** RECORDS PROVIDED **
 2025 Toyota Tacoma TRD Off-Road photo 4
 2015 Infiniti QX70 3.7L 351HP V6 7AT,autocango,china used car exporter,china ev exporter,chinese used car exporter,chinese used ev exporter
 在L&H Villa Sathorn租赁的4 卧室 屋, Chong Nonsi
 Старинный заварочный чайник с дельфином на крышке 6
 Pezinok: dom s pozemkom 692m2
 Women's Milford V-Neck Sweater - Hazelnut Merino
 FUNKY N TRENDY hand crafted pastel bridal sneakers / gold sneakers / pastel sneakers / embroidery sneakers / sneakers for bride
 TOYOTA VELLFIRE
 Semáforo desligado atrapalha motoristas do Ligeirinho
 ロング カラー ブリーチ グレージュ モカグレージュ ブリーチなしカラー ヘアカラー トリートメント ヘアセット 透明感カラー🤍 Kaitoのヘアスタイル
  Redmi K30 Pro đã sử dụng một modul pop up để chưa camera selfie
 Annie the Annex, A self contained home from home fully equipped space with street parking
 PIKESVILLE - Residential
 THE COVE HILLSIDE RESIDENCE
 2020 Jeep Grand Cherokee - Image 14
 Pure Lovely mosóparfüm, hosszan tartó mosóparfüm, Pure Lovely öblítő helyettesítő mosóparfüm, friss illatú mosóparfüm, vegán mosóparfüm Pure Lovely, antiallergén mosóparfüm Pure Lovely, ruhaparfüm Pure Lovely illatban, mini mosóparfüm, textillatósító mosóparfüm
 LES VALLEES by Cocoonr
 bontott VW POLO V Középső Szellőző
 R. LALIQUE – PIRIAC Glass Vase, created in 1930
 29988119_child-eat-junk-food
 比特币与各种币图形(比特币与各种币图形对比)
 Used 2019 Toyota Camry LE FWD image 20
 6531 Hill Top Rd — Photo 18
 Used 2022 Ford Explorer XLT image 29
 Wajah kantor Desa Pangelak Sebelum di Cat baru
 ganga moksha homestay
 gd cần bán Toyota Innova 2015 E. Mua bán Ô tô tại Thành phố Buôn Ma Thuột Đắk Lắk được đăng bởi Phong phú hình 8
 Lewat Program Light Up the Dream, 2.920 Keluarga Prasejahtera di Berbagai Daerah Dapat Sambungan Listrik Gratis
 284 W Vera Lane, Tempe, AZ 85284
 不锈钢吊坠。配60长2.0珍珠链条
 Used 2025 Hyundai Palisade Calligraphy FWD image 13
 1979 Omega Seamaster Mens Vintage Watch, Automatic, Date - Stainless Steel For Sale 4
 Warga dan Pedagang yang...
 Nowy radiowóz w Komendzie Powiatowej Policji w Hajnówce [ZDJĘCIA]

** TASK DESCRIPTION **
Above are the entries. Quote exactly the lines from the one bearing "Redmi K30 Pro" through the one bearing "2020 Jeep Grand Cherokee - Image 14".

** REPLY TO THE TASK **
  Redmi K30 Pro đã sử dụng một modul pop up để chưa camera selfie
 Annie the Annex, A self contained home from home fully equipped space with street parking
 PIKESVILLE - Residential
 THE COVE HILLSIDE RESIDENCE
 2020 Jeep Grand Cherokee - Image 14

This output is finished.